The only thing that bugs me about the SF P90 that I'm using is the shape of the hotspot, it looks like the shape of the Crab Nebula. I know it's unavoidable because the filament isn't a point source. Although, I have a P60 that has a more or less circular hotspot, but maybe a larger one. 
Do the drop ins from Lumens Factory have the same problem? Also are all the globes frosted to cause a rounder, bigger hotspot?
Thanks, and looking forward to the Long Nights.
P


----------



## bykfixer (Sep 9, 2018)

Pete,

Not being familiar with the P90 beam I cannot say, but his stuff for the E series is real nice. 

If you don't mind doing a bit of soldering to add some leg to a bi-pin the Streamlight TL3 bulb is a winner. Or a Tads Customs for the M3 and rebuild your P90, which is a bi-pin that is glued to the module.


----------



## peter yetman (Sep 9, 2018)

Thanks Mike, I'll do some snooping.
P


----------



## scout24 (Sep 9, 2018)

If memory serves, the LF offering similar in output to the P90 is the HO-9. More rounded hotspot with a touch less spill. Mine's a few years old, and may not reflect current production but I think they've been pretty consistent. I got one in a beater G3 from the Marketplace, ran the heck out of it on 2x17500's, and it's still in my Tundra door pocket with three primaries to this day. The HO-9 is a nice module... :thumbsup:


----------



## peter yetman (Sep 9, 2018)

That's the one I was looking at. The Eo looks like it draws to much power for sensible runtime.
Thanks,
P


----------



## skillet (Sep 10, 2018)

I’m gonna try to jump into this challenge in the morning. Been prep’n this evening. Wowsers-I’ve gone LED around this place! I was scrambling to find enough bulbs and hosts to put out in place of the LED’s scattered around the house as to not mistakenly grab one. Gonna go E2e MN-03 for around the neck, Pelican 2340 scattered around the house and a M6 w/MN15 driven by 2x18650 for outside/night duty. Need to reload a few 6P hosts with P60’s and may load a P90 in 3cell host if I can track one down around here.. I’ll try to get a group shot before the week is up..


----------



## bignc (Sep 10, 2018)

Well, back to led today. I have decided that the e1e is still a good carry for summer nights in more fitted attire. The 6P is with the little mag in the dresser just in case. It was fun and I still appreciate incan goodness. Definitely will use them this fall and winter more than I would have. Please excuse me back to the Malkoff threads! Lol

P.s. I have found the lumens factory hotspots are very round but do lack spill. My 6P and my scorpion both have a wacky shape. But nothing with an LF module does.


----------



## parametrek (Sep 12, 2018)

I ended up using a cheap P60 incan drop-in from DX. The host of choice was a Solarforce P1. No incan headlamps in my collection so I wanted something with a polymer body that I could mouth-carry without chipping a tooth. And I did end up doing that for about 30 minutes one night.

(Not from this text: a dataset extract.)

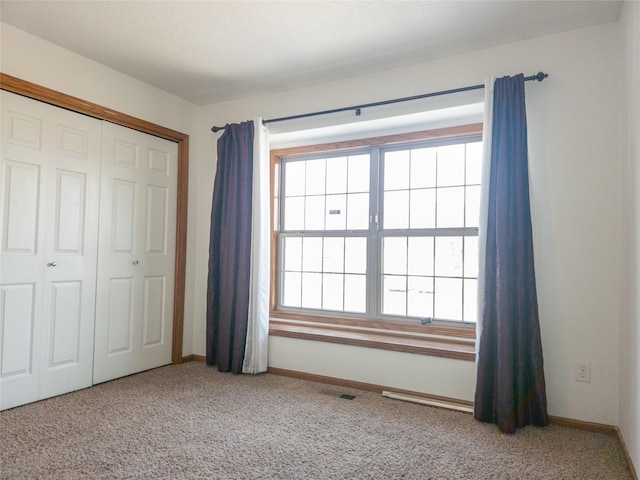 unfurnished bedroom featuring carpet floors and a closet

The beam looks nowhere near as good as what you guys have. Also the hotspot was too small to be usable around the house. It was a better general purpose light after swapping in a diffusion lens but the that made the light not too useful outdoors.

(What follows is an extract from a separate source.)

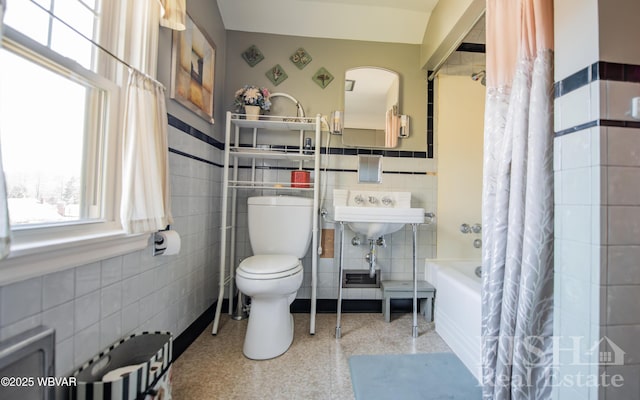 bathroom featuring toilet, wainscoting, shower / tub combo, tile walls, and speckled floor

The momentary switch goes great with battery guzzlers. I worked through roughly 8Wh over the week according to my charger. The idea of burning through 2xCR123A every week is a little horrifying. And I didn't even use the light that much! It was inconvenient and bulky enough that I never actually _carried_ it for the most part. It usually sat on the table next to me and I'd have to remember to bring it along when I thought I'd need it. Went with no light on a few occasions where I was caught unexpected.

Glad to return to my usual 5mm yuji challenge


----------



## LiftdT4R (Sep 12, 2018)

I know this is long over but I just cobbled together a nice incan I thought I'd share that I plan on using for the next couple of weeks. I've had an old 9P that I bought on a whim on a good deal on by it now on fleabay for the last year or so. I originally put in 3 16340s I got from work and a 12V lamp but the light got so hot so quick I didn't run it more than a minute or so. It sat on the shelf for the last year and I've been mulling over a 2 - AA conversion but I really want an M31LL and Illumn has been out of stock. 

Then it hit me! I have a bunch of 3.7V P60 Incans I use in my collection of 2 cell Surefires with 16650s so why not try one of these bulbs with 2AA since 2 alkies put out 3.4V and 2 NiMH put out 3V. Well it worked great! It probably puts out around 50 lumens, very warm. The 3.7V P60s are Chinese and very inexpensive. I haven't blown any of them yet and the one I use a lot probably has 40 hours or so on it total. I used 2 NiMH Tenergy AAs and I ran it for about an hour. Afterwards the cells were at 1.15V ea so I'm guessing run time is around an hour and a half to 2 hours. I may not end up buying an M31LL after all. 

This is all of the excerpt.